Die shifting baselines und die Mitarbeiterführung

Was haben die shifting baselines mit der Mitarbeiterführung zu tun? Welche konkreten Hinweise für die Führungsarbeit ergeben sich für den Apotheker? Zunächst einmal sollte er sich in seiner Funktion als Apotheker und vor allem als Führungskraft immer wieder vor Augen halten, dass er als Vorbild wirkt.

Natürlich: Das ist keine neue Einsicht, die shifting baselines sind jedoch geeignet, nochmals den Zusammenhang zu verdeutlichen: Wenn der Apotheker seinen Mitarbeitern freundlich und zuvorkommend begegnet und den partnerschaftlich-kooperativen Führungsstil pflegt, Anweisungen begründet und Entscheidungen erklärt, werden die Mitarbeiter mit einiger Wahrscheinlichkeit ähnlich reagieren. Und das gilt für alle Ebenen, auf denen sich Menschen begegnen – im Team, im Meeting, im Gespräch mit dem Chef, und auch im Kundengespräch.

Bei Precht heißt es: "Gruppenverhalten und shifting baselines gehören häufig eng zusammen. () Wenn der Glaube vorherrscht, dass die anderen kooperieren, dann ist die Kooperation jedes einzelnen hoch; wenn der Glaube vorherrscht, dass die anderen nicht kooperieren, dann kooperiert tatsächlich keiner." Das bedeutet für den Apotheker: Wenn er die partnerschaftlich-kooperative Haltung vorlebt, wird er auf Mitarbeiterseite Nachahmer finden, ja, sogar bei Personaleinstellungen eher Bewerber anziehen, die wie er auf Kooperation und Partnerschaftlichkeit im Umgang setzen.

Die Führungskraft setzt sozusagen den Rahmen, innerhalb dessen die Kommunikation abläuft. Wer seine Mitarbeiter des Öfteren sogar anschreit, muss damit rechnen, dass diese im Kundengespräch eher unwirsch und wenig kundenorientiert agieren.

Mitarbeiterindividuelle Führung

Vielleicht sollte ein Apotheker noch einen Schritt weitergehen und darauf achten, mit verschiedenen Mitarbeitern verschieden zu kommunizieren, also seinen Kommunikationsstil konsequent auf den Gesprächspartner auszurichten – dies gilt übrigens wiederum auch für das Kundengespräch. Denn bei der Mitarbeitermotivation zum Beispiel wird er mehr erreichen, wenn er seine Argumentation konsequent auf die Persönlichkeitsstruktur des Gesprächspartners abstimmt. Dem dominanten Mitarbeiter etwa billigt er mehr Eigenverantwortung zu, dem kreativen Mitarbeiter räumt er neue Gestaltungsspielräume ein.

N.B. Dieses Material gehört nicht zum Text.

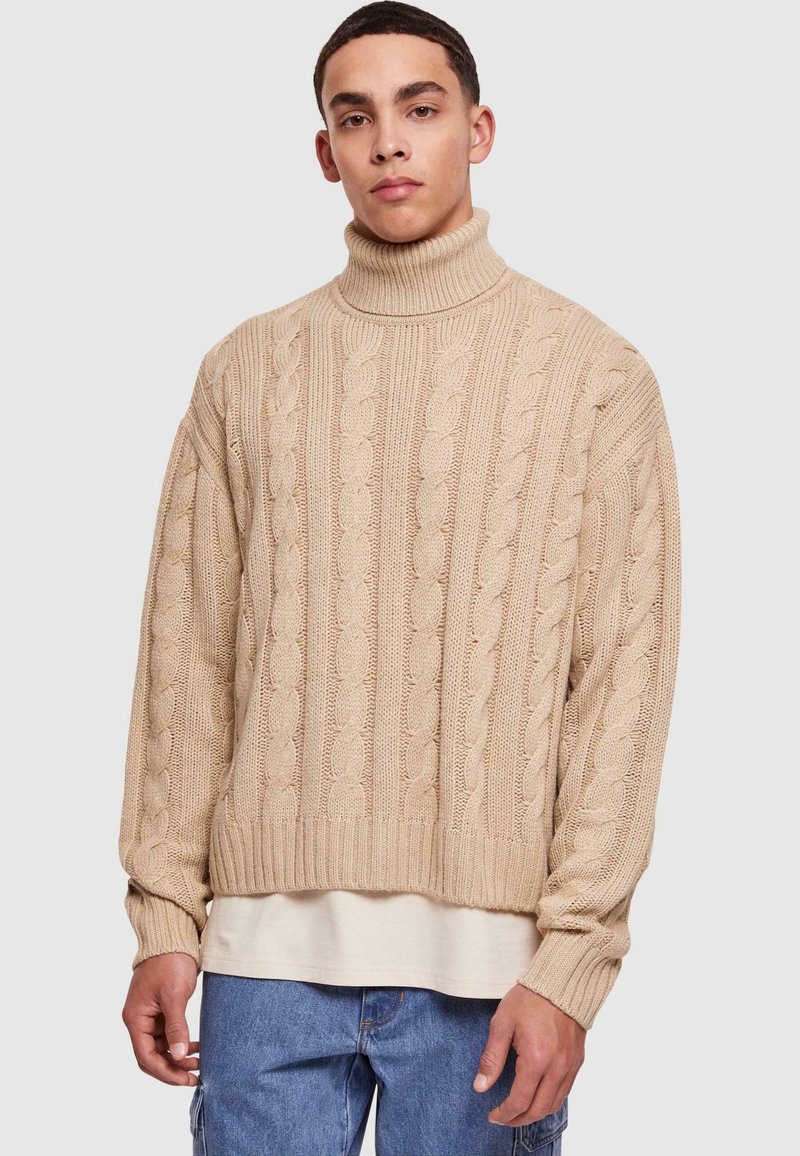 Pulover bej cu guler înalt din tricot cu model împletit, având manșete și tiv cu nervuri, cu o croială lejeră și un model texturat, purtat peste o cămașă crem.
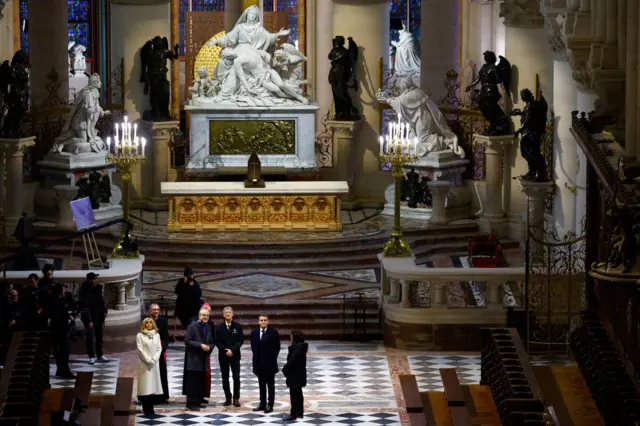 The group examining some of the statues that make up the Vow of King Louis XIII.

In diesem Zusammenhang sei noch einmal Richard David Precht zitiert – er nennt einen weiteren Fall von shifting baselines, nämlich die Überzeugung: "Wenn die anderen gegen die guten Sitten verstoßen, dann tue ich das auch." Für den Apotheker heißt das im Umkehrschluss: Er verdeutlicht seinem Team wo immer möglich seine Führungsgrundsätze, damit alle verlässlich und nachvollziehbar erkennen können und wissen, nach welchen Prinzipien die Zusammenarbeit in der Apotheke abläuft. Jeder Mitarbeiter kann so einschätzen, woran er ist. Und in einem Klima der Verlässlichkeit können die Teammitglieder und auch die Chefs ihre Potenziale eher entfalten und zum Beispiel Kundenfreundlichkeit und Qualitätsorientierung leben.

Nach dem Gesetz der shifting baselines setzt sich nun ein selbst verstärkender Prozess in Gang: Die Apothekenmitarbeiter beobachten, dass ein Klima des Vertrauens und der Verlässlichkeit existiert, und setzen diesbezüglich eine hohe Erwartungshaltung an. Das Gefühl dafür, was als Vertrauensklima bezeichnet werden kann, verschiebt sich immer weiter nach oben – bereits kleinere Vertrauensverstöße werden darum negativ be- und schließlich verurteilt.

Nochmals sei betont: Das Gesetz gilt auch mit umgekehrtem Vorzeichen. Herrscht Misstrauen vor, werden sich die Apothekenatmosphäre und das Betriebsklima immer mehr in diese eher destruktive Richtung entwickeln. Es kommt also sehr auf den Apotheker an, es liegt in der Hand der Führungskraft als Vorbild, wohin das Pendel ausschlägt.